Profile multithread application with nsys

Hi. I’m interested in profiling with nsys using CLI a multithread application. I want to know time spent on GPU (host to device + kernel execution + device to host). There is a shell involved in the app execution, that asks the user for some input, but after calling the commands:

nsys profile --stats=true --trace-fork-before-exec=true ./app

the shell asking for user input, usually automatically showed, never pops up. Instead “^[[44;1R” is printed on screen. Could the problem be that it is handled by another thread that nsys cannot track? So I’m wondering if the options that I’m using are correct to track a multithread application or if I am doing something wrong. Thanks in advance.

@afroger , can you respond to this?

Hi carbonara,

I apologize for the long delay, I didn’t notice the notification.

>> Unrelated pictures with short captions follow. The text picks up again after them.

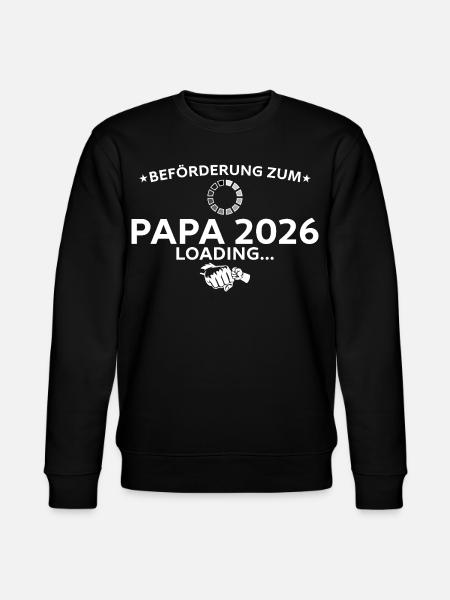 Paternity Pregnancy Announcement 2026 Dad - Stanley/Stella CHANGER Unisex Organic Sweatshirt - black
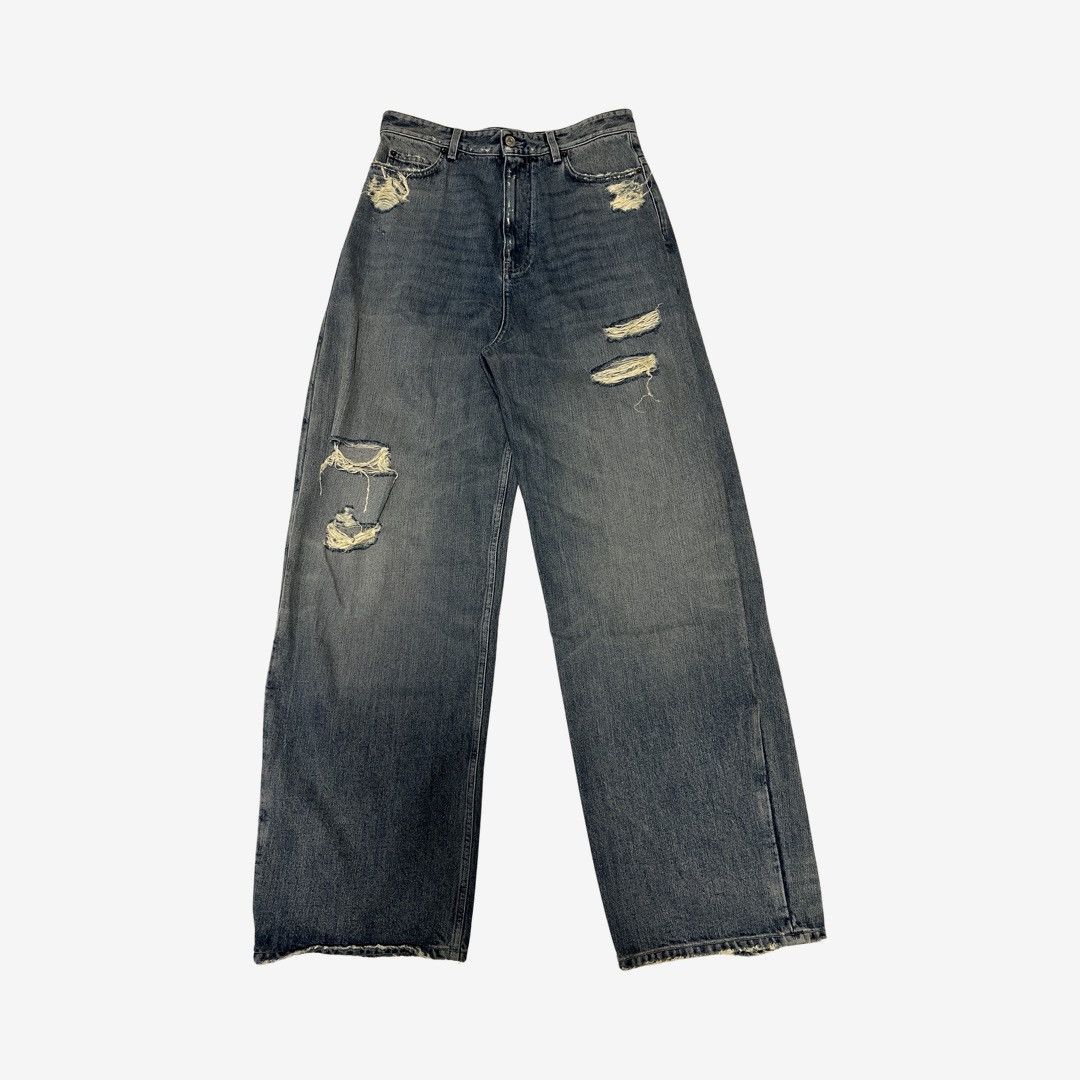 Balenciaga Balenciaga Baggy Oversized Destroyed Skater Denim Size US 30 / EU 46 - 2 Thumbnail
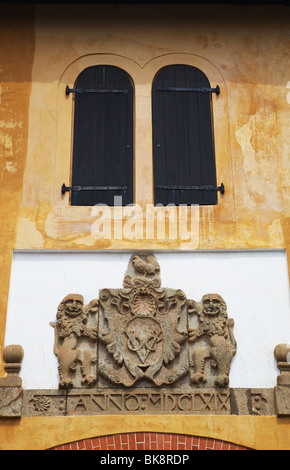 Porta Vecchia del Forte di Galle, Galle, Sri Lanka Foto Stock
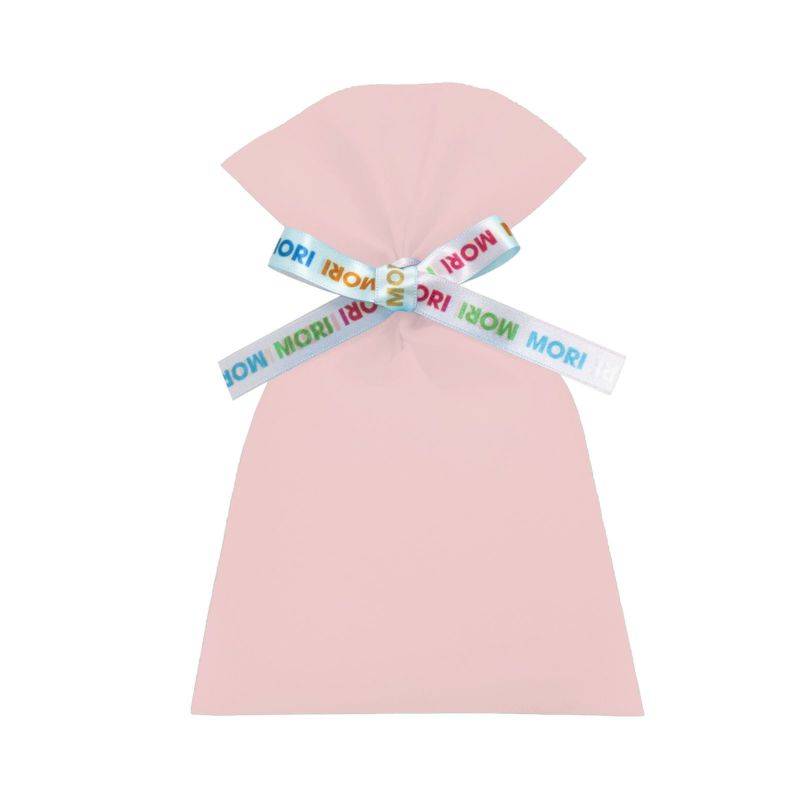 ラッピング｜【リボン名入れ】ソフトバッグ2穴リボン（S3）｜薄手｜不織布包装袋｜100枚入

I don’t seem to have a problem profiling the following bash script:

$ cat /tmp/writeback.sh
#!/usr/bin/env bash

while true
do
    read -p "Input: " line
    echo "Output: $line"
done

$ nsys profile --stats=true --trace-fork-before-exec=true /tmp/writeback.sh
Input: abc
Output: abc
Input: def
Output: def
Input: ^C^C

We do have some logic to demultiplex the output and error streams but we don’t touch the input stream. This might be a legitimate bug in the tool. @carbonara Do you by change have a small bash script you could share that reproduce the issue?